Re: [RFC PATCH 0/2] iommu/s390: Fix iommu-groups and add sysfs support
From: Gerald Schaefer
Date: Fri Apr 28 2017 - 08:46:58 EST
Hi Joerg,
I guess we are a bit special on s390 (again), see below. Sebastian is more
familiar with the base s390 PCI code, he may correct me if I'm wrong.
On Thu, 27 Apr 2017 23:03:25 +0200
Joerg Roedel <joro@xxxxxxxxxx> wrote:
> > Well, there is a separate zpci_dev for each pci_dev on s390,
> > and each of those has its own separate dma-table (thus not shared).
>
> Is that true for all functions of a PCIe card, so does every function of
> a device has its own zpci_dev structure and thus its own DMA-table?
Yes, clp_add_pci_device() is called for every function, which in turn calls
zpci_create_device() with a freshly allocated zdev. zpci_enable_device()
then sets up a new DMA address space for each function.
> My assumption came from the fact that the zpci_dev is read from
> pci_dev->sysdata, which is propagated there from the pci_bridge
> through the pci_root_bus structures.
The zdev gets there via zpci_create_device() -> zpci_scan_bus() ->
pci_scan_root_bus(), which is done for every single function.
Not sure if I understand this right, but it looks like we set up a new PCI
bus for each function.
> > Given this "separate zpci_dev for each pci_dev" situation, I don't
> > see what this update actually changes, compared to the previous code,
> > see also my comments to that patch.
>
> The add_device call-back is invoked for every function of a pci-device,
> because each function gets its own pci_dev structure. Also we usually
> group all functions of a PCI-device together into one iommu-group,
> because we don't trust that the device isolates its functions from each
> other.
OK, but similar to the add_device callback, zpci_create_device() is
also invoked for every function. So, allocating a new iommu-group in
zpci_create_device() will never lead to any group sharing.

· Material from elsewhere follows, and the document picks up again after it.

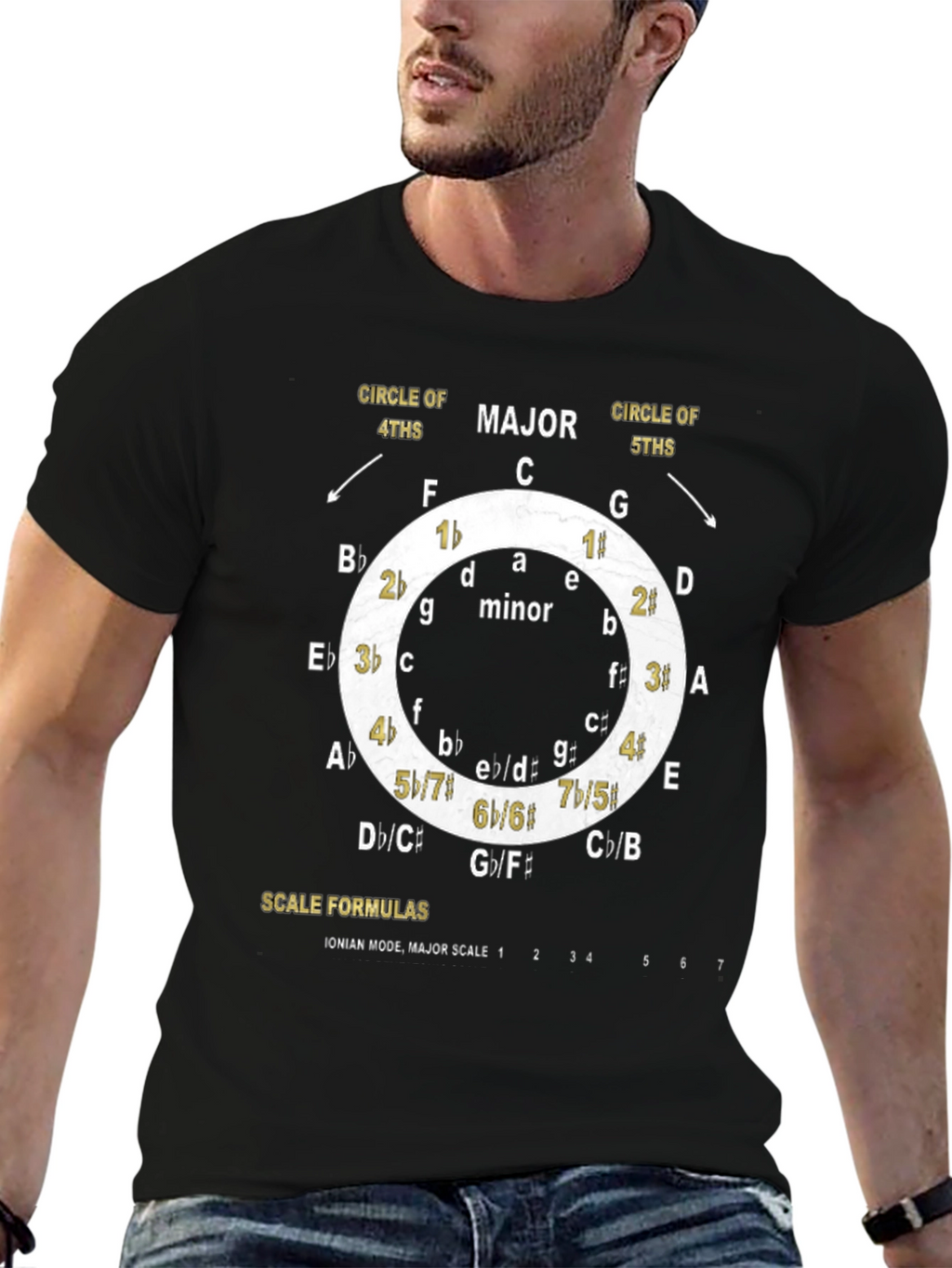 Music Theory Circle of Fifths T-Shirt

I am however a bit confused now, about how we would have allowed group
sharing with the current s390 IOMMU code, or IOW in which scenario would
iommu_group_get() in the add_device callback find a shareable iommu-group?
In the attach_dev callback, we provide the option to "force" multiple
functions using the same iommu-domain / DMA address space, by de-registering
the per-function DMA address space and registering a common space. But
such functions would only be in the same iommu "domain" and not "group",
if I get this right.
So, I guess we may have an issue with not sharing iommu-groups when
it could make sense to do so. But your patch would not fix this, as
we still would allocate separate iommu-groups for all functions.
Regards,
Gerald